The listing that follows must be retyped exactly, without its pictures.

(Beginning of GIVEN ENTRIES)

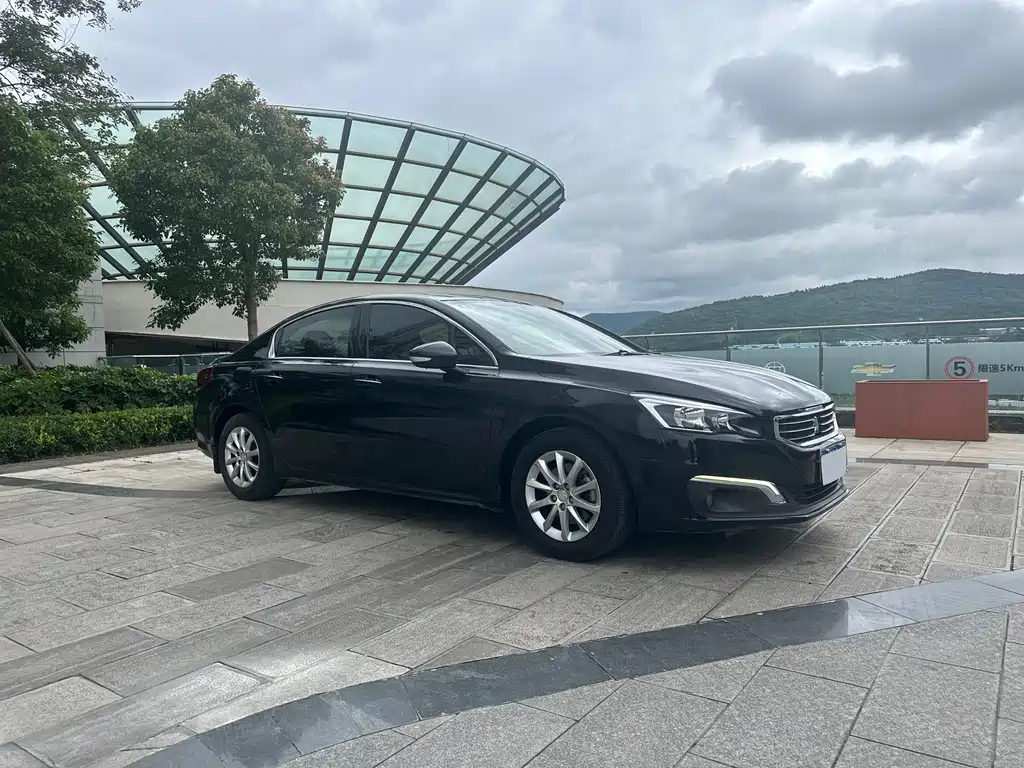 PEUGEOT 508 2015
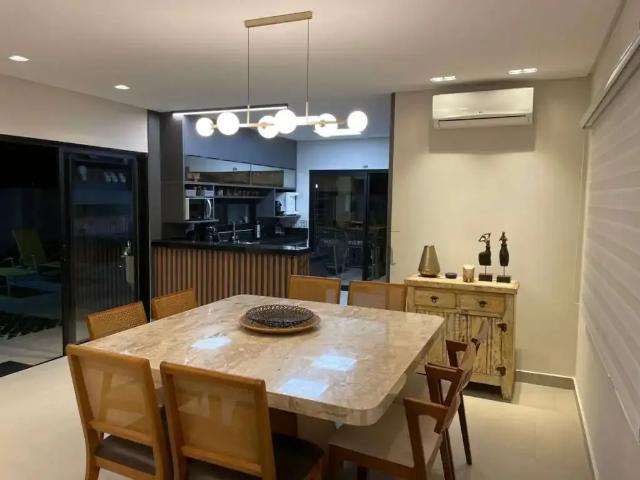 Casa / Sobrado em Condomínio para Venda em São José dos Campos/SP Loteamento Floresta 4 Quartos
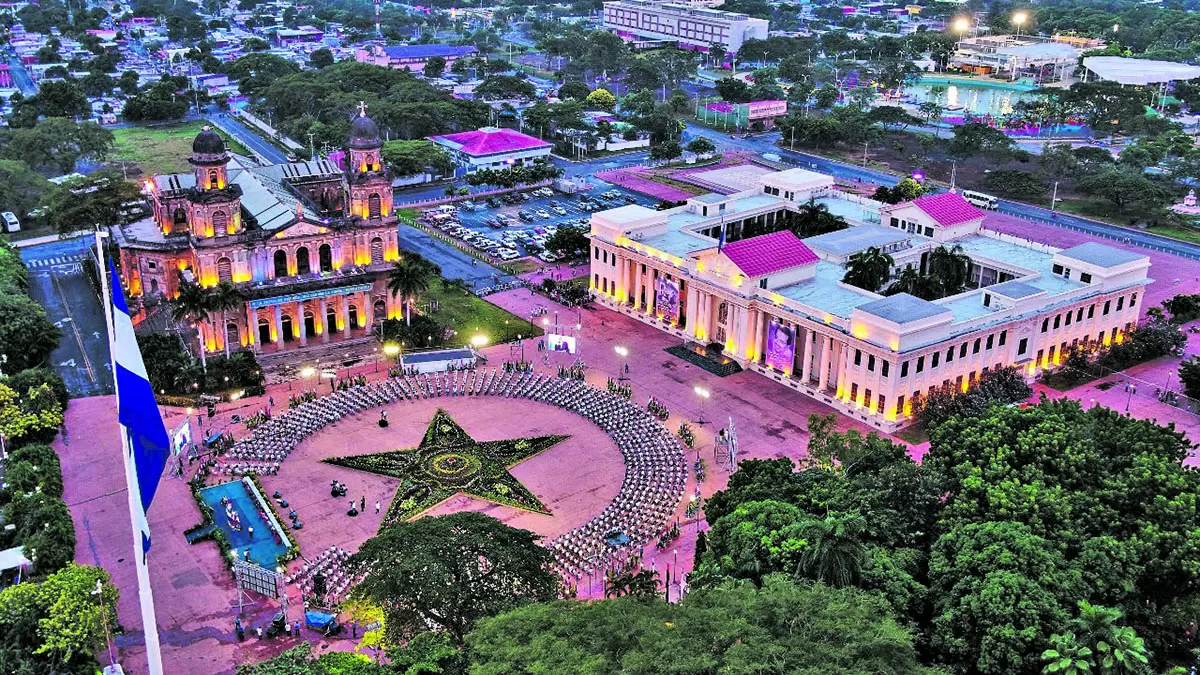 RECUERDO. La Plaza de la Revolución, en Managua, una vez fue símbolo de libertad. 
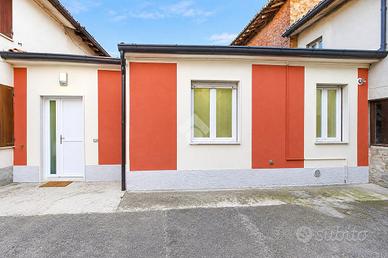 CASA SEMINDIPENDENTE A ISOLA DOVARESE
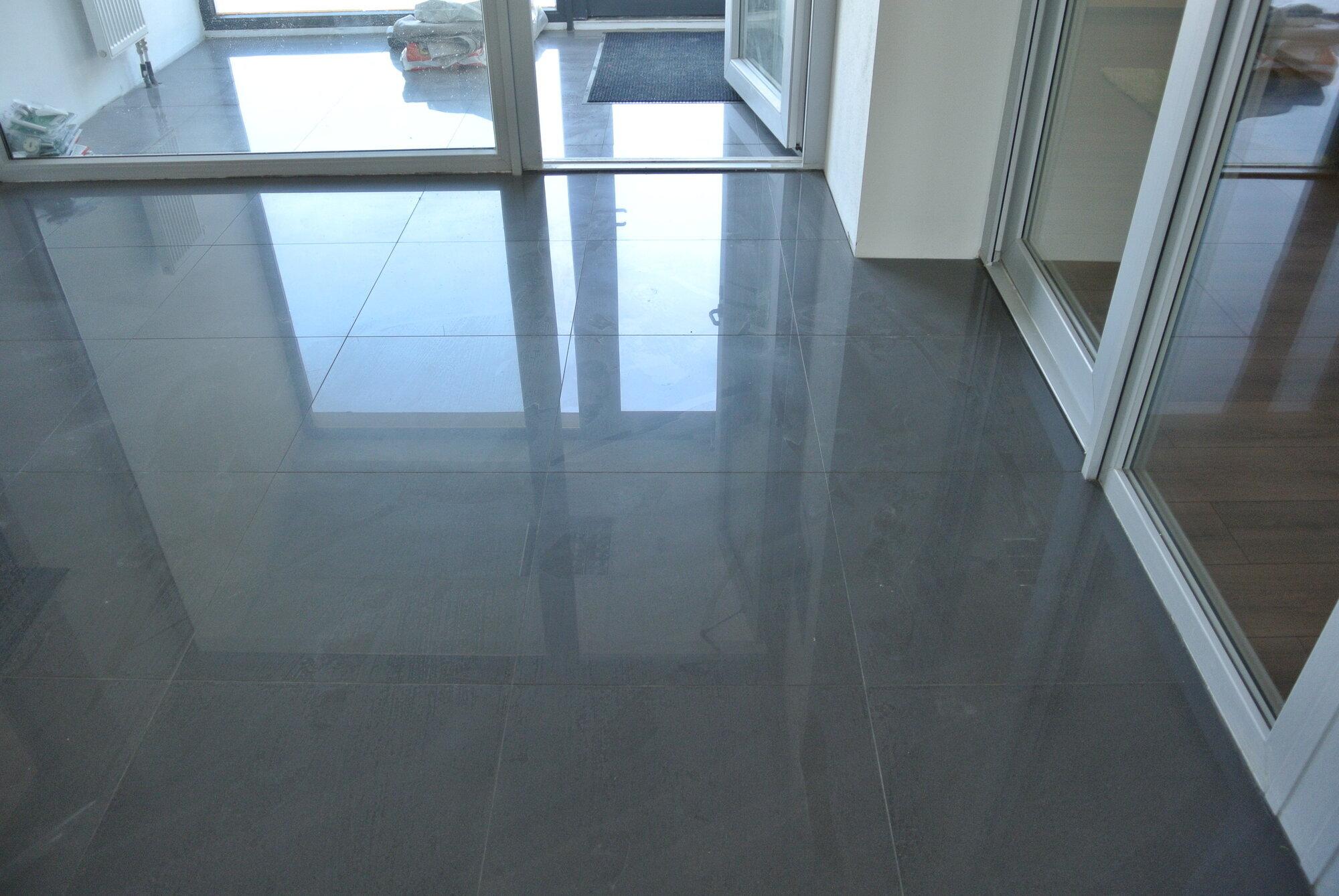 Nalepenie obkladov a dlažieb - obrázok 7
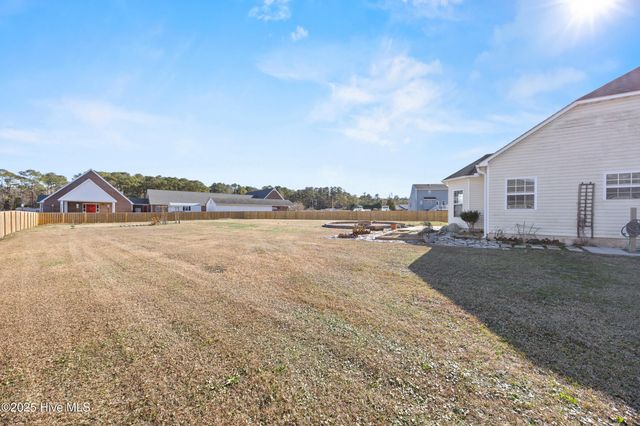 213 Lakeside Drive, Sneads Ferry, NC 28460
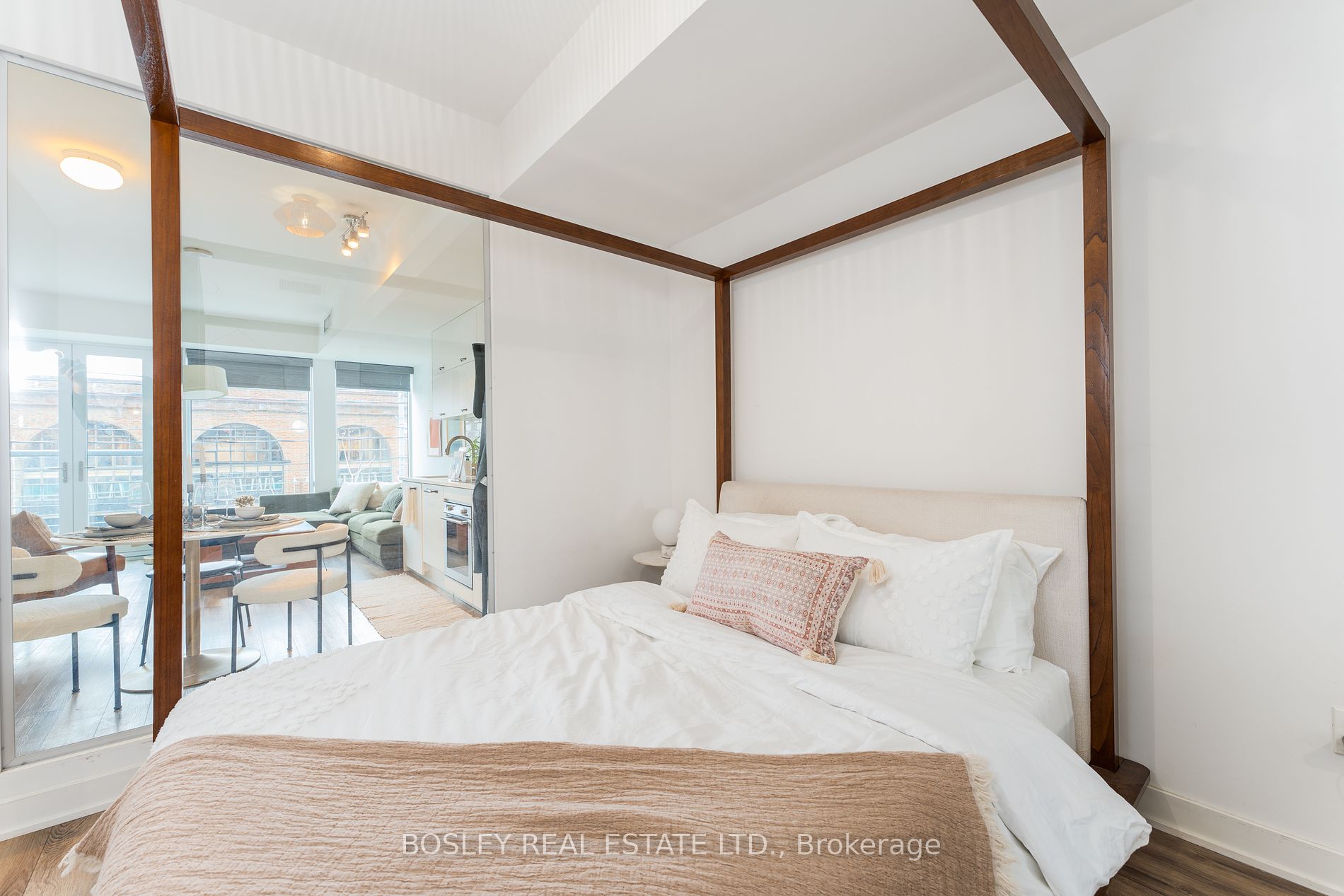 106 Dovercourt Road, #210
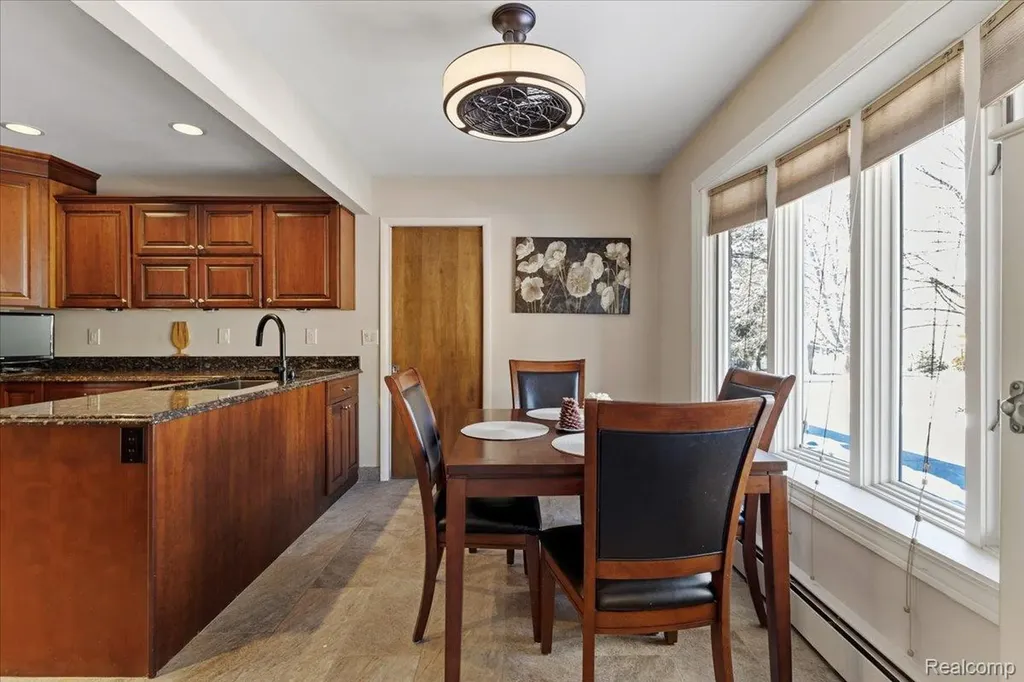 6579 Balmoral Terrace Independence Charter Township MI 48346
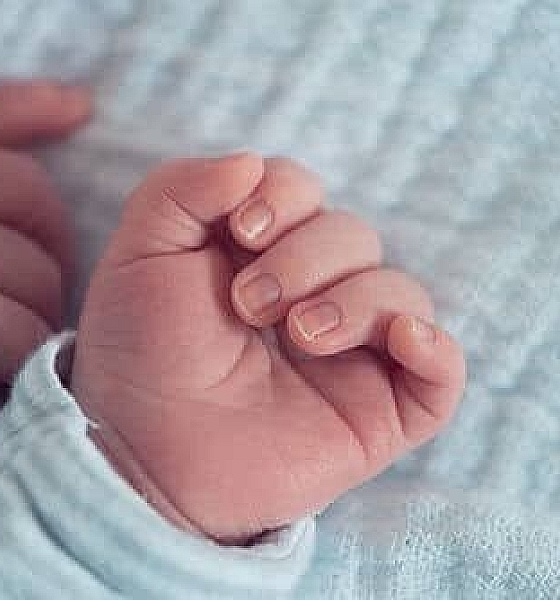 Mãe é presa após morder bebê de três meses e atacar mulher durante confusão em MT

(End of GIVEN ENTRIES)

SOLUTION TO THE PROBLEM
 PEUGEOT 508 2015
 Casa / Sobrado em Condomínio para Venda em São José dos Campos/SP Loteamento Floresta 4 Quartos
 RECUERDO. La Plaza de la Revolución, en Managua, una vez fue símbolo de libertad. 
 CASA SEMINDIPENDENTE A ISOLA DOVARESE
 Nalepenie obkladov a dlažieb - obrázok 7
 213 Lakeside Drive, Sneads Ferry, NC 28460
 106 Dovercourt Road, #210
 6579 Balmoral Terrace Independence Charter Township MI 48346
 Mãe é presa após morder bebê de três meses e atacar mulher durante confusão em MT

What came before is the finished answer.